* **Task prompt**: The required output is every line from the one containing "Jo Loves A Body Lotion Jo by Jo Loves 275ml" through the last line of the listing below, copied exactly, pictures excluded.

== Supplied entries

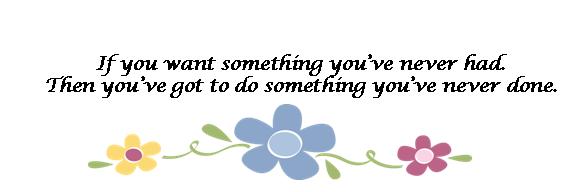 Quotes About Being Frugal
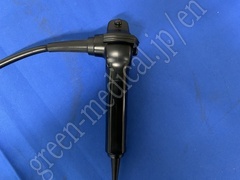 PENTAX Video Rhino Laryngoscope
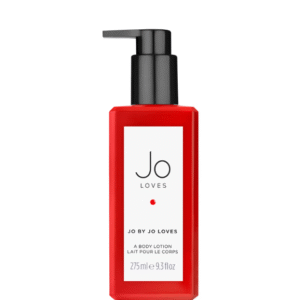 Jo Loves A Body Lotion Jo by Jo Loves 275ml
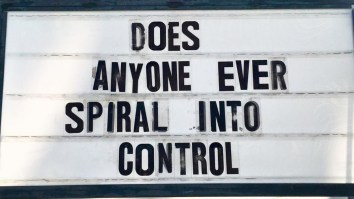 42 Of The Best Damn Photos On The Internet This Morning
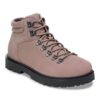 Jackson 2.0 Cuir nubuck et daim Jackson 2.0 Cuir nubuck et daim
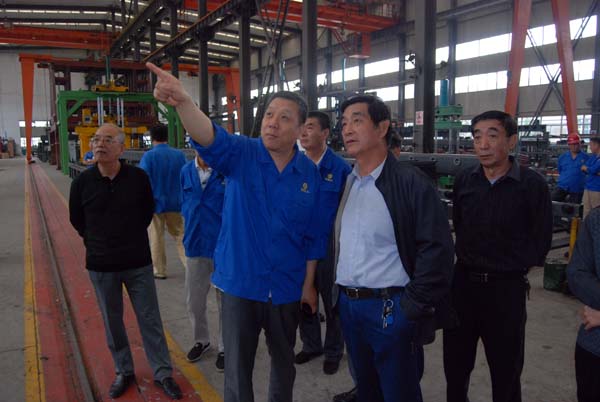 凯时登录·(中国区)官方网站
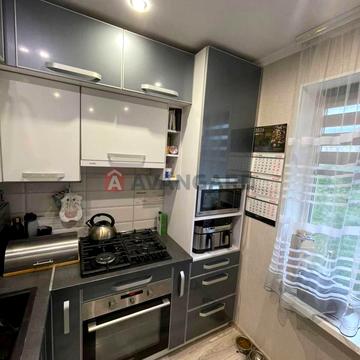 вул. Спартака Маковського (Косигіна), 10, Шевченковский, Запоріжжя, Запорізька 45000.0 USD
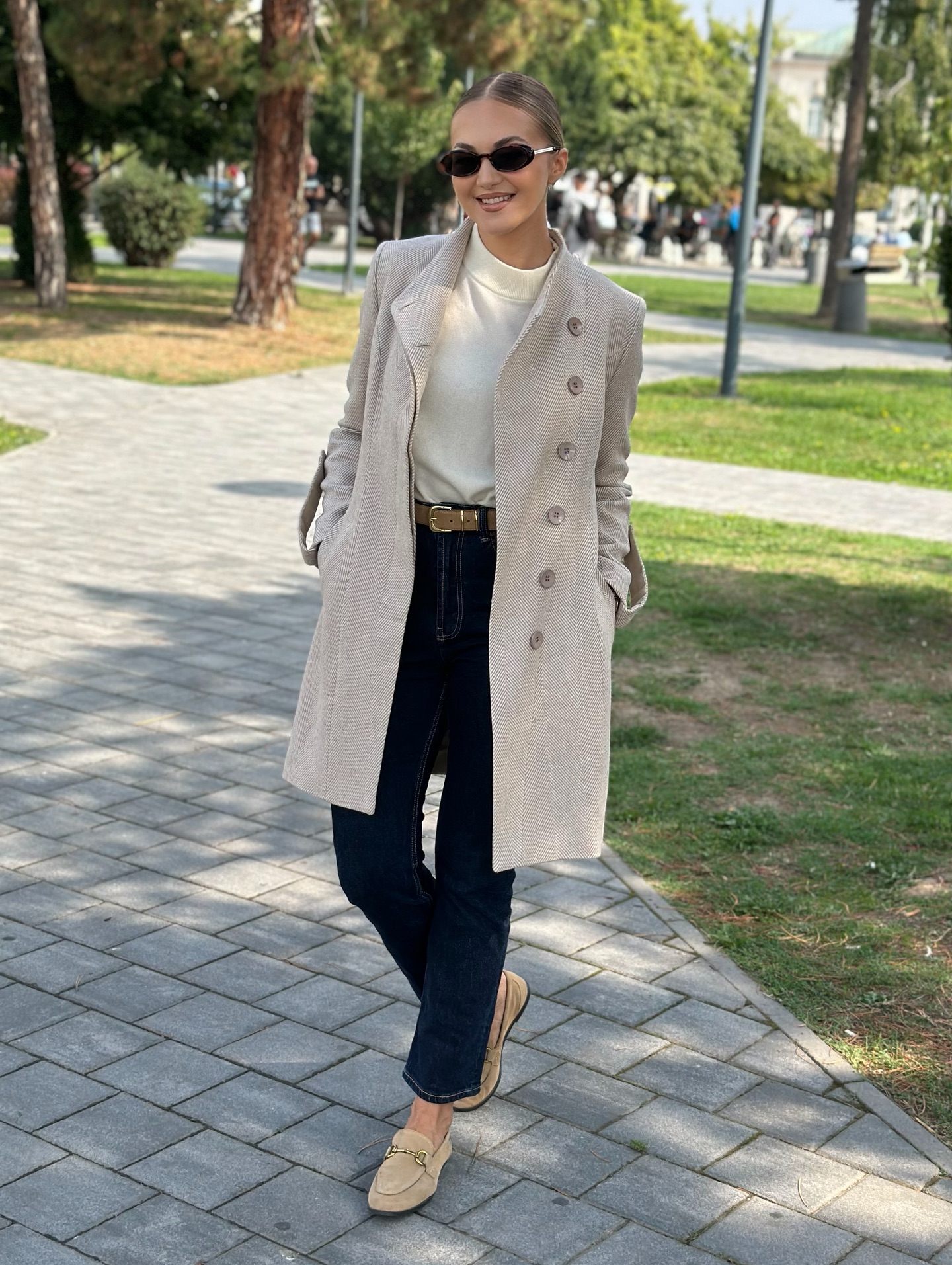 CARPE DIEM Kaput - Image 7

====

* **Solution for this problem**:
 Jo Loves A Body Lotion Jo by Jo Loves 275ml
 42 Of The Best Damn Photos On The Internet This Morning
 Jackson 2.0 Cuir nubuck et daim Jackson 2.0 Cuir nubuck et daim
 凯时登录·(中国区)官方网站
 вул. Спартака Маковського (Косигіна), 10, Шевченковский, Запоріжжя, Запорізька 45000.0 USD
 CARPE DIEM Kaput - Image 7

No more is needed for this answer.